Of Ketchup and Pepper Sauce: Discursive Strategies for Imagining the Modern Creole Nation in St. Lucia

 

Paul B. Garrett - Temple University

 

Abstract: In postcolonial societies worldwide, language and ideas about language are bound up with such contested issues as cultural identity and political self-determination. This presentation considers the role of language in contemporary Caribbean nation-building processes by examining the ways in which creoles and other vernacular language varieties are implicated in these processes. The focus is St. Lucia, a former colony of France, and then of Britain which has recently celebrated its first quarter-century of independence.  St.

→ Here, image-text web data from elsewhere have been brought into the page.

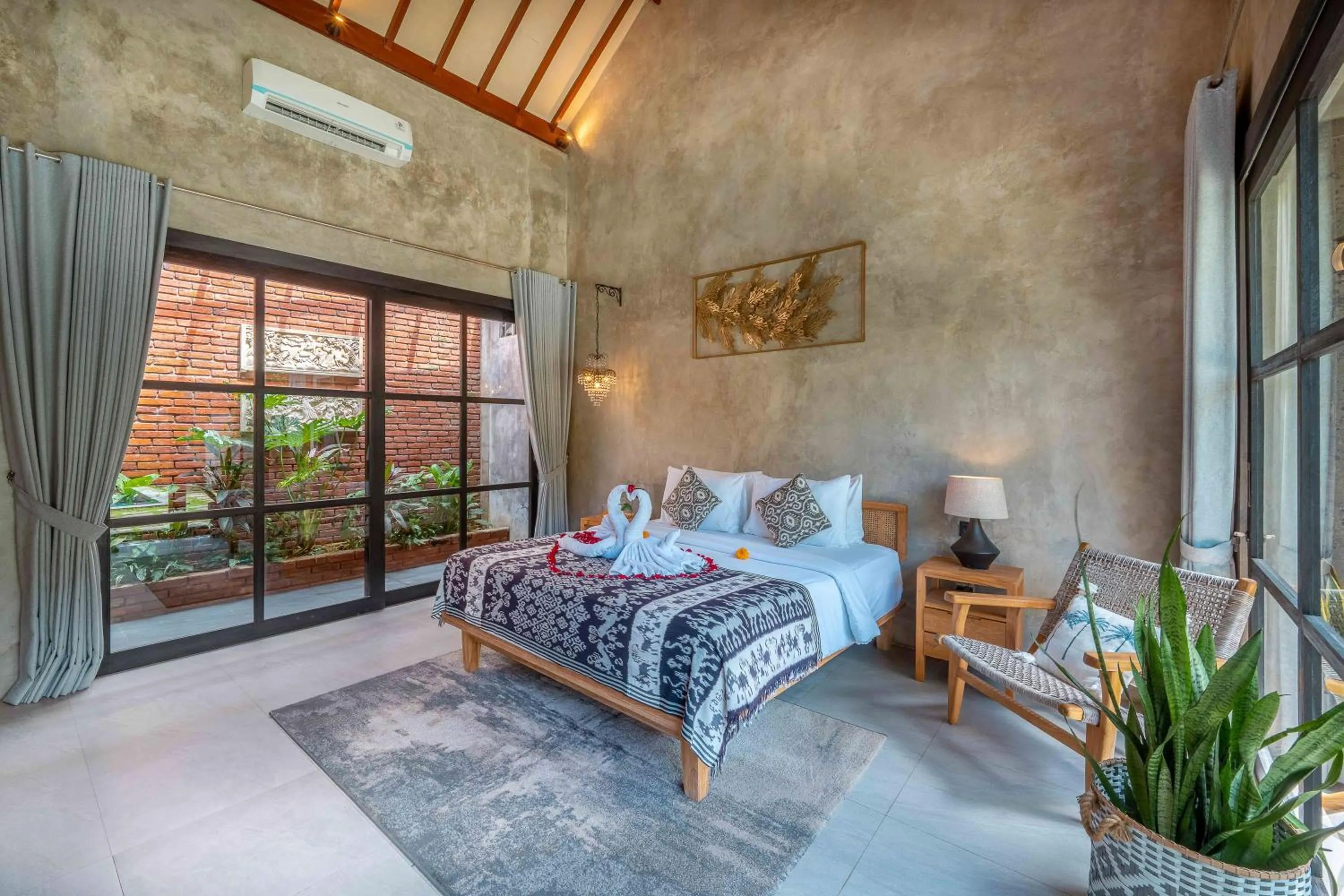 Bed in Villa Jonsu Uluwatu by Nagisa Bali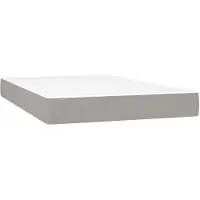 vidaXL Pocketveringmatras medium 120x200x20 cm stof lichtgrijs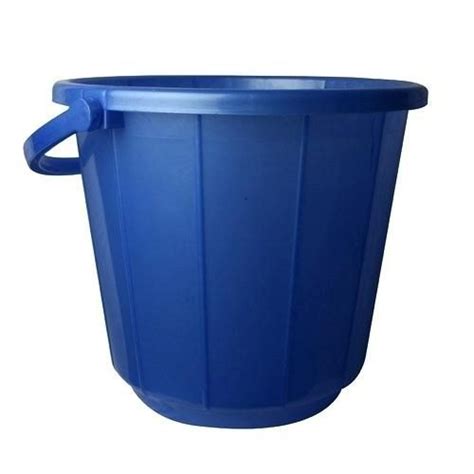 Blue Plastic Bucket For Home With Handle At Best Price In Coimbatore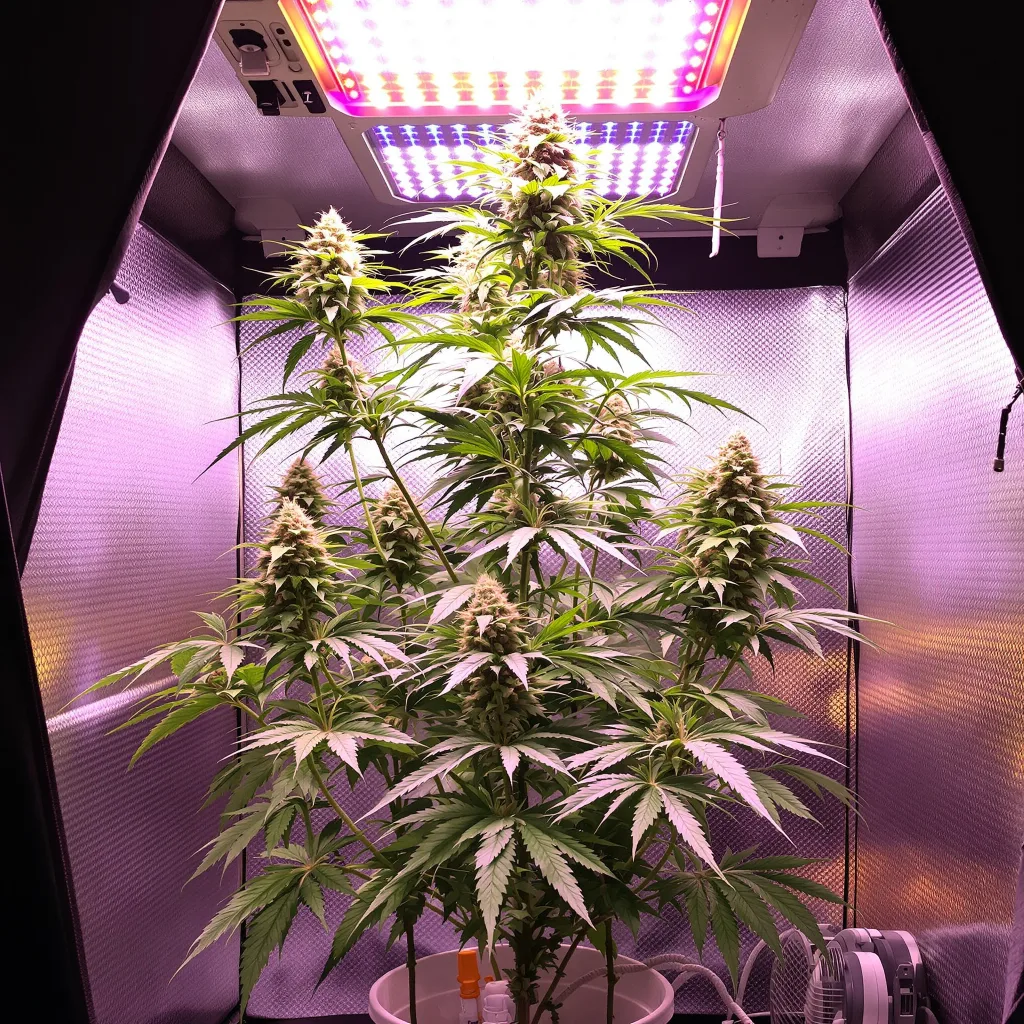 Planta de cannabis Double Dream en fase de floración — 150-200 cm feminizada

Lucia’s Afro-French Creole language, known as Kweyol, has been elevated to historically unprecedented levels of prestige; the language is now used extensively in radio broadcasting and other public forums as both symbol and medium of St. Lucia’s emergent nationhood. Meanwhile, however, a process of rapid language shift from Kweyol to English has become disturbingly evident, particularly among St. Lucia’s youth.  Local broadcasters have begun responding to this state of affairs by experimenting with programming formats in which they combine Kweyol with a distinctively St. Lucian variety of vernacular English. This yields on-air performances that are unmistakably St. Lucian, but are accessible to the growing numbers of St. Lucians whose command of Kweyol is limited. These densely heteroglossic performances both capture and comment on the predicaments facing St. Lucians as they negotiate rapidly globalizing regimes of language, information, and representation.